Menurut cerita yang beredar di masyarakat, Desa Salamrejo terbentuk pasca letusan pada tahun 1730. Asal mula terbentuknya Desa Salamrejo sendiri memiliki beberapa versi cerita, salah satunya adalah cerita tentang Raden Ahmad Rejo. Kejadian pasca bencana letusan pada kawah puncak Sumbing (1730), menyebabkan terbentuknya kubah lava dengan aliran menuju bibir kawah terendah sehingga menyebabkan area lereng Sumbing cukup subur dan banyak didatangi orang untuk bercocok tanam disana.
Berdasarkan riwayat sejarah dan atau cerita turun-temurun yang beredar di masyarakat, Desa Salamrejo dahulu kala dirintis (dikembangkan) oleh Raden Ahmad Rejo dan Kiyai Abdus Salam. Raden Ahmad Rejo sendiri merupakan seorang pembabat (penebang) hutan belukar di perut Sumbing wilayah timur tepatnya di bagian tengah. Bagian ini berbatasan dengan Legok Tompak di bagian barat, Kali (sungai) Agung di bagian selatan, dan untuk wilayah timur terdapat Gambasan di bagian selatan dan Kacepit di bagian utara. Pada bagian utara sendiri tidak begitu jelas perbatasanya karena pembabatan hutan dilakukan hampir bersamaan dengan Kiyai Umbul, bagian utara ini sekarang disebut Desa Bulan.
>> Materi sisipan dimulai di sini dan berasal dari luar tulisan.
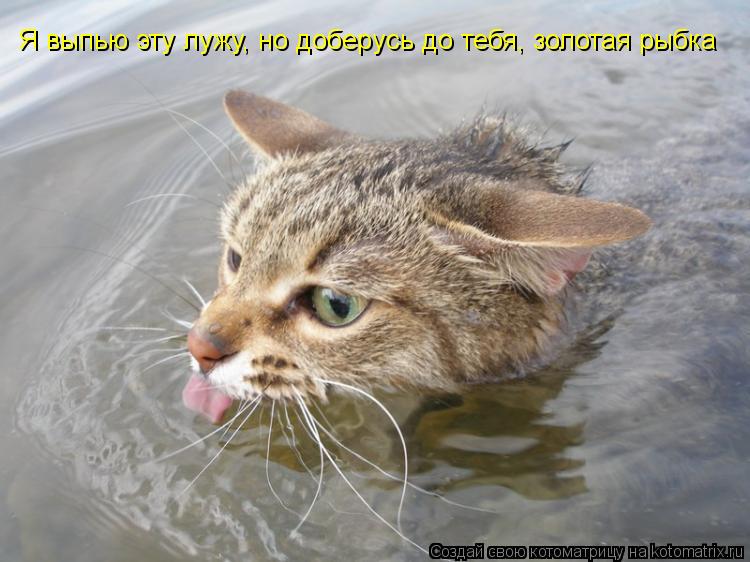 Котоматрица: Я выпью эту лужу, но доберусь до тебя, золотая рыбка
Seiring berjalannya waktu, wilayah ini dihuni oleh beberapa pendatang. Sisi utara bagian barat dihuni oleh Kiyai Plembang yang dikemudian hari dikenal dengan Dusun Lembangan, sisi selatan bagian barat dihuni oleh Kyai Condro Bumi yang memiliki pembantu bernama Guno Geseng dan dikemudian hari diberi nama Balesari (sekarang Ngaglik), sisi selatan bagian tengah dihuni oleh Kyai Abdus Salam, yang dikemudian hari dikenal dengan Dusun Salam. Sementara sisi selatan bagian timur dihuni oleh Kyai Gatak yang dikemudian hari dikenal dengan Dusun Gatak, disisi utara bagian timur dihuni oleh dua orang kakak adik yaitu Selo Negoro dan Selo Yudo, sementara disisi utara bagian tengah dihuni oleh Raden Ahmad Rejo sendiri yang dikemudian hari dikenal dengan Dusun Rejosari.
Tidak ada cerita darimana Raden Ahmad Rejo sendiri berasal. Namun apabila dilihat lebih dalam, pada nama beliau yang sudah ada unsur berbau Islam, beliau merupakan bagian dari Kasultanan Mataram yang mungkin ikut pelarian saat terjadinya konflik di Kesultanan. Raden Ahmad Rejo, memiliki seorang putri benama Runti Rejo yang kemudian dipinang oleh Kiyai Abdus Salam. Setelah pinangan tersebut, Kiyai Abdus Salam memboyong Raden Ahmad Rejo untuk tinggal di Dusun Salam sebelum akhirnya beliau wafat dan di kubur di dusun salam.
Dusun-dusun kecil lain yang ada disekitaran desa dipimpin oleh seorang Glondong, dan untuk memudahkan administrasinya dibagi menjadi dua wilayah. Wilayah timur, terdiri dari Dusun Rejosari, Gatak, Keditan, dusun sudikampir dan lainnya. Kemudian di wilayah barat, terdiri atas Dusun Lembangan, Salam, dan Balesari. Atas inisiasi Singojoyo (Kiyai Palang), keturunan dari Kiyai Plembang, wilayah barat berdiri sendiri menjadi Desa Salamrejo sebagai bentuk penghargaan kepada Raden Ahmad Rejo dan Kiyai Abdus Salam sekaligus untuk mengenalkan kedua tokoh tersebut ke generasi penerus. Perkembangan penduduk di wilayah timur lebih pesat dibandingkan di bagian barat terutama di Dusun Balesari yang cenderung statis, kenyataan tersebut menjadi pertimbangan berubahnya Dusun Balesari menjadi Ngaglik.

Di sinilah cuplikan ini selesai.